Abstract
Background:
The risk of renal cell carcinoma (RCC) development in the native kidney of patients on dialysis or with a renal transplant is increased compared to the general population. This study examines perioperative outcomes of laparoscopic radical nephrectomy (LN) in dialysis patients or renal transplant patients compared to normal controls.
Methods:
Four hundred twelve consecutive LN were evaluated (July 2007 to October 2018). Patients were divided into three groups (control, dialysis, and transplant). Perioperative outcomes, including operating room time (OT), postoperative complications, hospital length of stay, and 90-day readmission rates, were evaluated for the three groups.
Results:
There were 62 patients in the dialysis group, 20 renal transplants, and 330 normal controls. Dialysis patients were younger (median: 58 years versus 67 years; P = .002) and predominantly male (73% versus 59%, P = .047). Dialysis patients compared to controls had shorter total OT (median: 133 versus 149; P = .022), more papillary RCC (27% versus 10%; P < .001), and fewer high grade tumors (73% [8/11] versus 94% [100/106]; P = .038). Renal transplant patients had a higher rate of 90-day readmission (20% versus 6%; P = .034) and more papillary RCC (30% versus 10%; P = .016) compared to controls.
Conclusion:
LN on dialysis patients does not alter expected perioperative outcomes compared to a large cohort of control LN. LN on renal transplant patients carries a higher 90-day readmission rate than control LN.
Introduction
The average healthy individual's lifetime risk of developing renal cancer ranges between 1.3% and 1.8% in Europe and North America. 1 Like many cancers, certain factors have been identified that predispose a patient to develop renal cancer, such as male sex, African descendent, smoking, obesity, hypertension, end-stage renal disease (ESRD), older age, and organ transplantation.1–4 ESRD and transplant impart a significantly increased risk of renal cancer development.5,6 Renal cell carcinoma (RCC) in transplanted patients may be due to the preexistence of cancer cells in the native renal parenchyma before transplantation rather than de novo development while on immunosuppression therapy. 7 Greater than 50% of patients on dialysis develop acquired cystic kidney disease (ACKD), which increases the likelihood to develop de novo RCC. 1 In the perioperative setting, patients on dialysis may be at increased risk of complications due to their compromised capability to adjust to the systemic response of the body during and after laparoscopic radical nephrectomy (LN). 8 We sought to evaluate the perioperative outcomes of LN in patients on dialysis and those with renal transplant in place compared to a large LN cohort (controls).
Materials and Methods
Data collection
Following institutional review board approval, 412 consecutive patients who underwent LN at a single institution by a single surgeon were examined.

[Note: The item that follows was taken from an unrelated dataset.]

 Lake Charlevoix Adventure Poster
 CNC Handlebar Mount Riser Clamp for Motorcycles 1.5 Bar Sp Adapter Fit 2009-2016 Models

LN was performed with the patient in the flank position utilizing a four port technique on the left side and a five port technique on the right side (extra port for liver retraction). All procedures were performed utilizing intraperitoneal approach. The renal hilum was sacrificed with endoscopic stapler in all cases, and kidneys were extracted from the abdomen after being placed in a laparoscopic sac. Nine patients underwent two LNs, but only the first operation was included in this study.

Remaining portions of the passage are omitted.